Review: ‘Life After Beth’ squanders a great premise by not taking it seriously

Aubrey Plaza becomes a zombie in Aubrey Plaza becomes a zombie in “Life After Beth.”
Credit: A24

‘Life After Beth’
Director: Jeff Baena
Stars: Aubrey Plaza, Dane DeHaan
Rating: R
2 (out of 5) Globes

“Life After Beth” is a zom-rom-com, but it’s not the comedy part that stands out. It’s the romantic part. Dane DeHaan plays young Zach, whose titular girlfriend (Aubrey Plaza) has died from a snakebite. Then she comes back. As in “Night of the Living Dead,” there’s no explanation for why, but it’s clear she’s undead: she’s decaying, she’s stronger, she’s prone to genuinely violent mood swings and she’s on the brink of hungering for human flesh. But Zach can’t let her go and refuses to acknowledge her inevitable mutation into a monster, because that would mean succumbing to grief.

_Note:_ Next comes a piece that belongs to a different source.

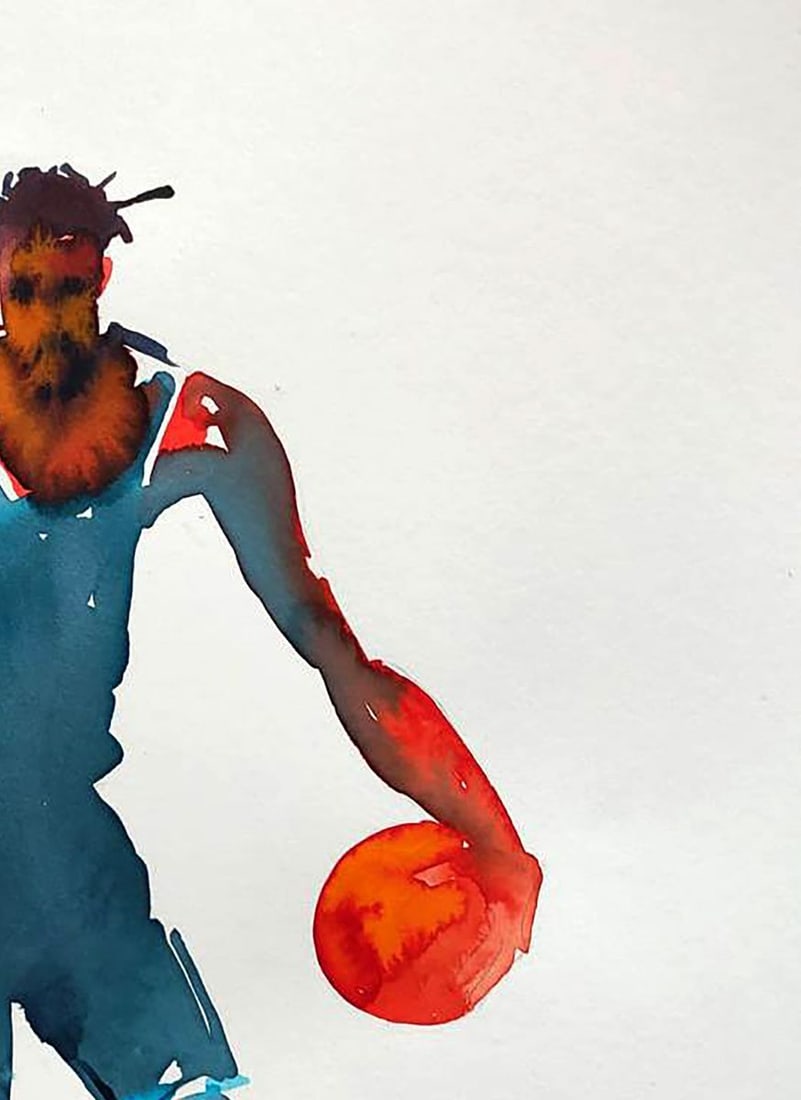 Watercolor painting Movement Elena Klimenko - 3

There’s a really dark, profound and even much funnier film to be made from this set-up. It’s not that “Life After Beth” ignores this idea: Beth’s parents (Molly Shannon and John C. Reilly) are also adamant about keeping their zombie daughter around. But it keeps forgetting about it. It keeps forgetting about everything. This is the directorial debut of “I Heart Huckabees” screenwriter Jeff Baena (who’s also Plaza’s real-life boyfriend), but his script is profoundly unfocused, raising interesting ideas and then failing to build on them. It’s a film three or four (or five or six) more drafts away from being filmable.

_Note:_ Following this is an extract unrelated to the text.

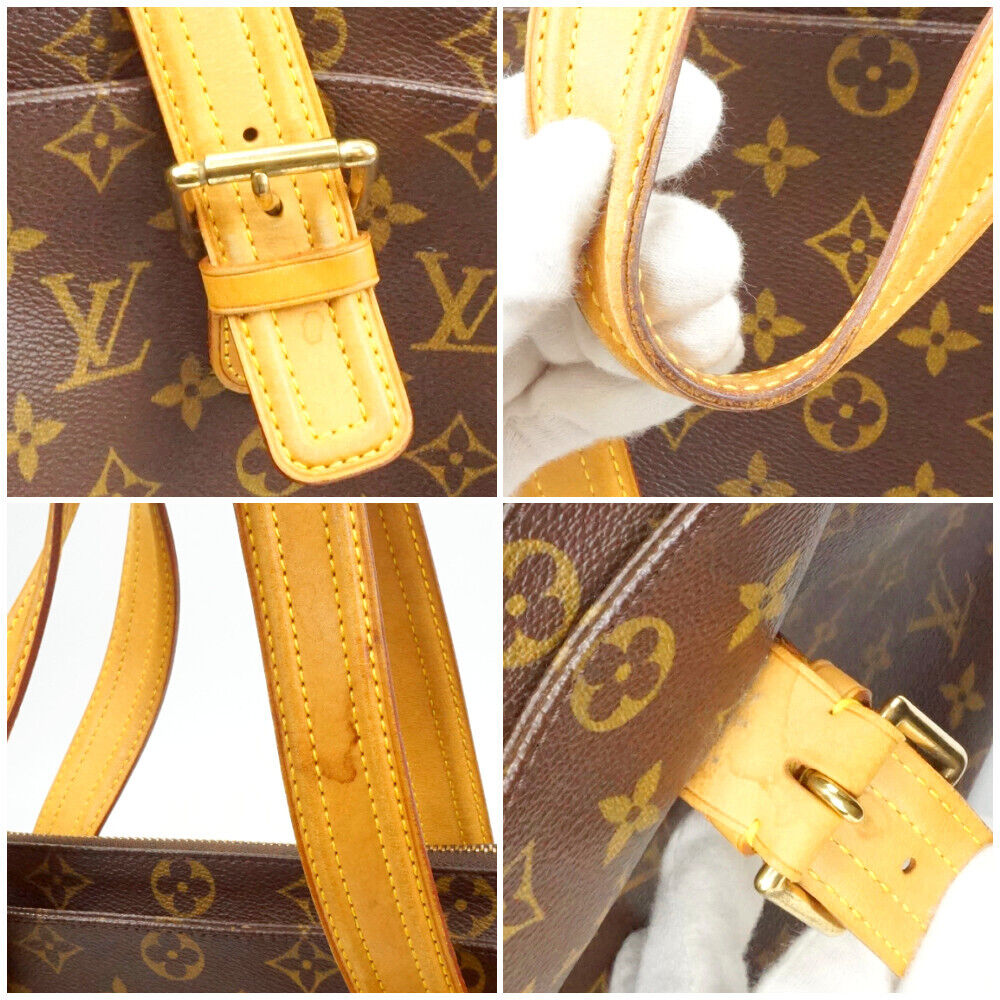 Louis Vuitton Tote Bag M51162 Multipli Cite Monogram Canvas Brown Good Condition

Dane DeHaan and Aubrey Plaza are seen in happier times. Credit: A24 Dane DeHaan and Aubrey Plaza are seen in happier times.
Credit: A24

A lack of discipline isn’t its only problem. It tries to play things too cool. It’s more afraid of emotions than its lead character is of losing Beth. Plaza’s previous vehicle, last summer’s “The To Do List,” also pretended to be above the material, as though withering sarcasm would save the day. All it did was make one wonder why the film didn’t try harder. Plaza is actually quite committed here: She throws herself into her character’s increasingly animalistic behavior, and doesn’t seem remotely fazed about getting dirty and decayed.

Then again, she’s still too cool for school. She never suggests who Beth was before un-death; she’s just goofing around. Baena cares even less.He does occasionally. Reilly and Shannon are allowed to be funny but also sincere, and they know how to find laughs in real pain. But the rest of the film is happily half-assed, whether it’s sloppily laying out its own zombie mythology or flailing about, trying to do something, anything with the premise. This didn’t have to be serious, but even being a little more serious might have made this more than a classic messy directorial debut.